子育てに理解のない企業での、子どもを育てる親の苦悩は計り知れない。
だが、ママを特別扱いし、「ママが働きやすいチームをつくろう」という試みは、心意気は良かれど、それだけでは十分ではない、というのが私の意見である。
仮にママだけが帰りやすい、休みやすい環境を作り、まだ独身の社員がその負担を担うようなチームがあったとしたら、どうだろうか。
フォローをしている社員の不満は募り、
ママたち自身も「先に帰って申し訳ない」「休んで申し訳ない」という気持ちにならないだろうか。
そういったチームでは、ママの働きやすさはサステナブルでないと考える。
(尚ここまで触れてこなかったが、私自身も2歳の息子を育てる、いわゆる「ワーママ」であり、子育てをしながら会社に勤める立場からもこの意見を述べている。)
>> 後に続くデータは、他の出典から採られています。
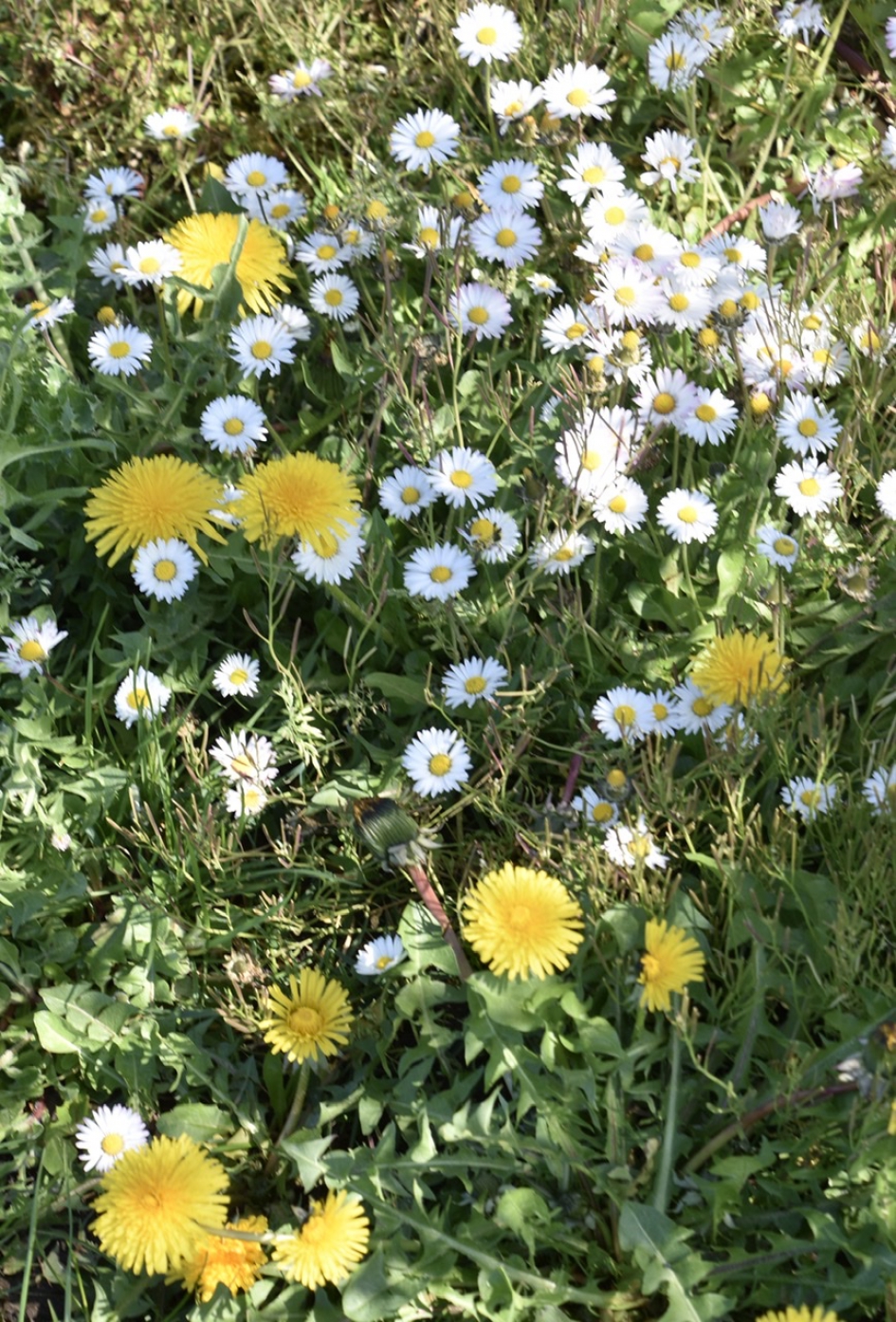 Madeliefjes en paardenbloemen - Planten -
人生にはさまざまなライフイベントやステージが存在する。
結婚、妊娠・出産、育児、介護…
仕事以外にリソースの必要な時期は、誰にでも存在し得るだろう。
もっと言えば、日々の体調不良、家庭の事情…
誰しも24時間365日万全で働ける訳ではない。
なので、子育て中のメンバーだけでなく、どんなライフステージのメンバーでも、スキルを持った方が存分に活躍できるチームが、私が目指すところである。
ママが働きやすい、ではない。
誰もが働きやすい、を目指すことで、本当にママも働きやすい場所になるだろう。
MVPの彼女は人格者である。
受賞コメントの際には「自分の休業中はたくさんの人に助けてもらった」「皆さんのおかげでいただけたMVPである」と続けた。
そんな彼女にMVPを贈れて、心から良かったと思った。
とはいえ、現時点で彼女が休業を申し訳なく思っていたのは事実である。
より一層精進し、仮にメンバーの誰かが休業したとしても、周りに感謝こそすれど、申し訳なく思うことのないようなチームにしていきたい。
私は「ママが働きやすいチーム」は目指さない。
「誰もが働きやすいチーム」を目指して、皆がそのスキルを余すことなく発揮できるよう、より一層チームづくりに励んで行きたい、と感じた日であった。